------ Data section ------
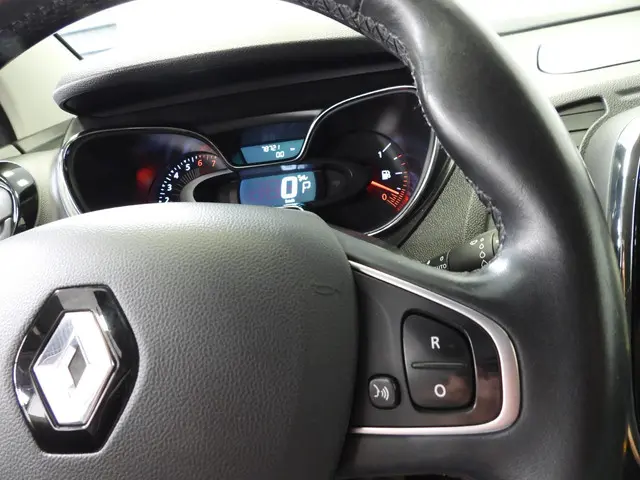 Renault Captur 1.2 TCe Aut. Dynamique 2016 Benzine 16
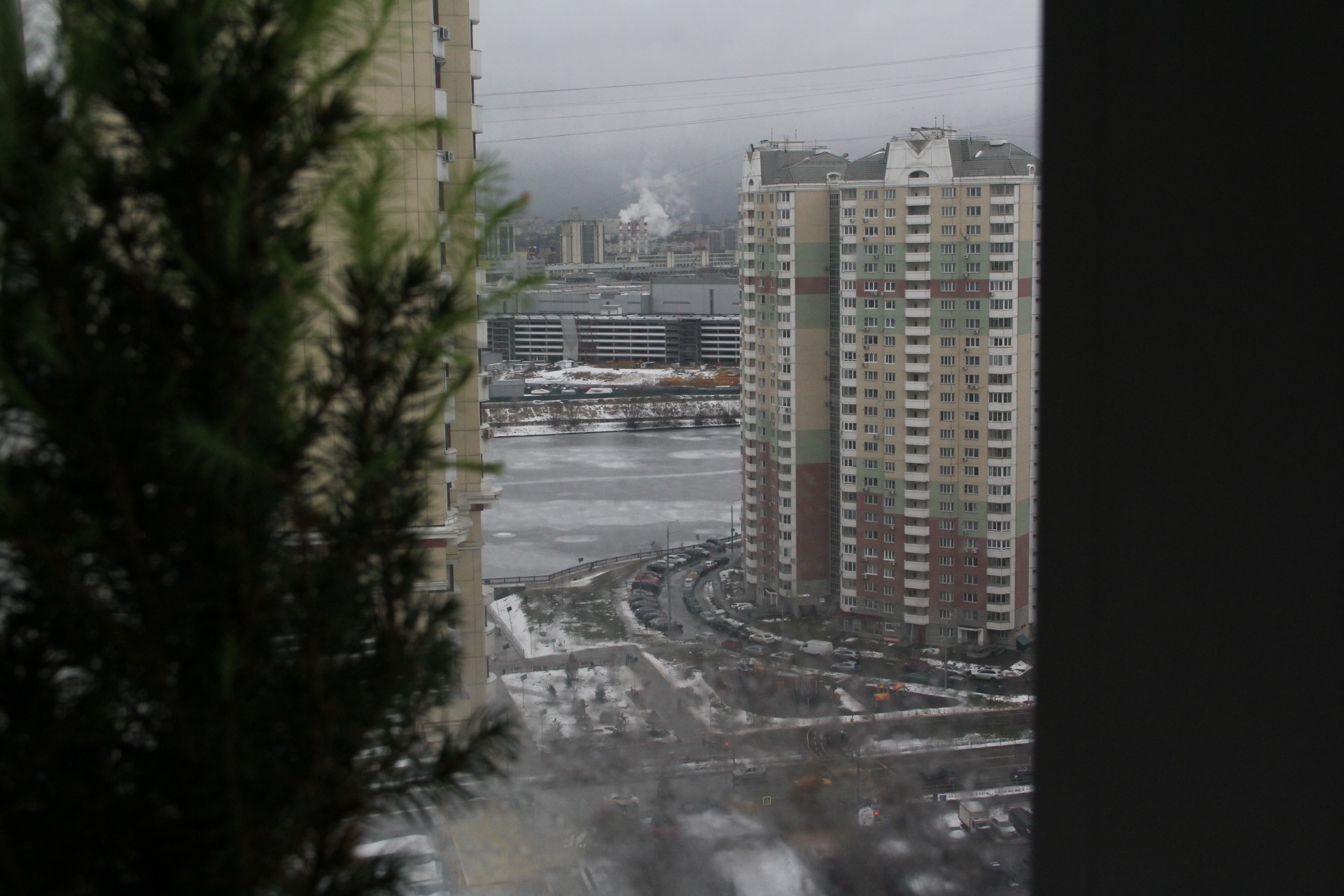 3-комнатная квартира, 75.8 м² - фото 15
------
------ Data section ------
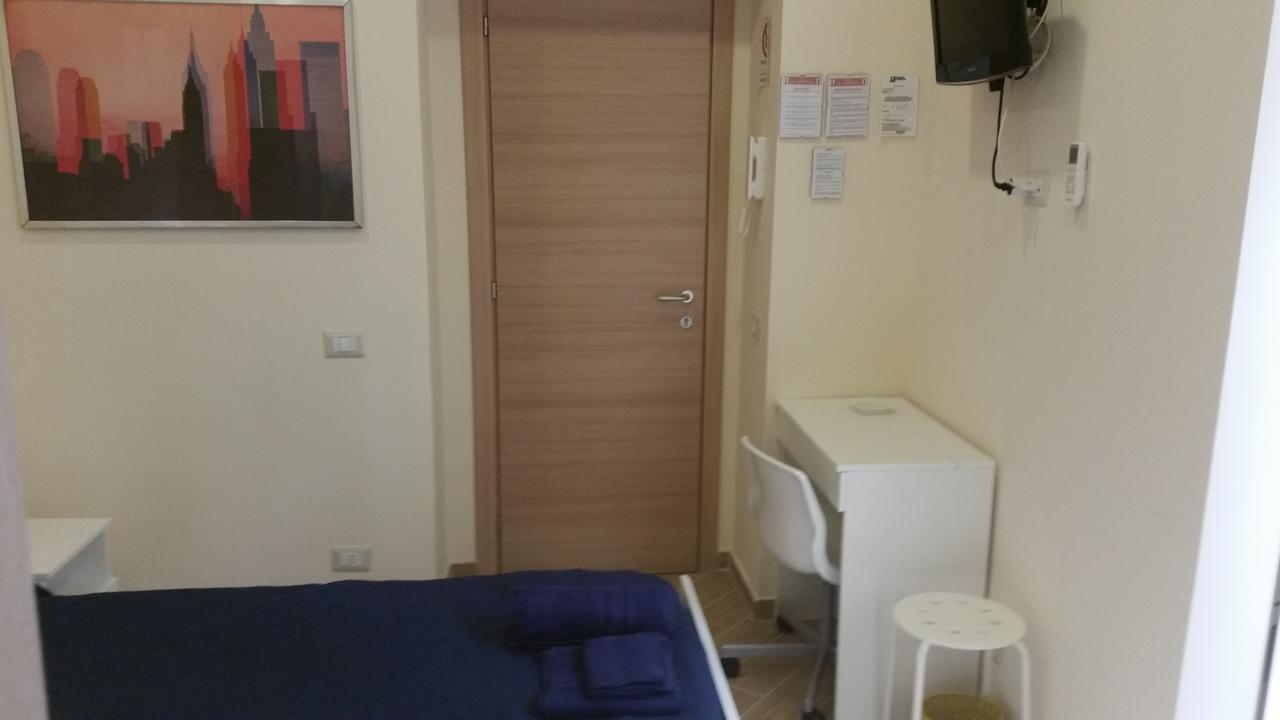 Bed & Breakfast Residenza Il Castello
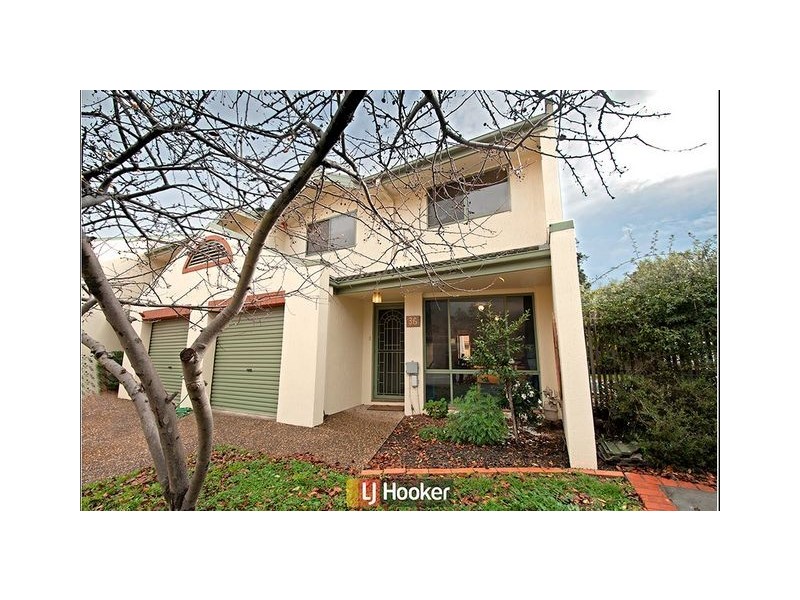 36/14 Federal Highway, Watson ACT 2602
------
------ Data section ------
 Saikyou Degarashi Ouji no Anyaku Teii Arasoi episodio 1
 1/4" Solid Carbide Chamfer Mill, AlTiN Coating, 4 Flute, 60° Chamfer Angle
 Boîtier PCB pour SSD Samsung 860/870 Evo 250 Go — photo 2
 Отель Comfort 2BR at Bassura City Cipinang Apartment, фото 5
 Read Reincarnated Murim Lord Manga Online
------
Description of the task: Please copy out from the data above, without any picture, exactly the lines running from the one that holds "Renault Captur 1.2" through the one that holds "3-комнатная квартира, 75.8 м² - фото 15", and nothing beyond them.

Response below:
 Renault Captur 1.2 TCe Aut. Dynamique 2016 Benzine 16
 3-комнатная квартира, 75.8 м² - фото 15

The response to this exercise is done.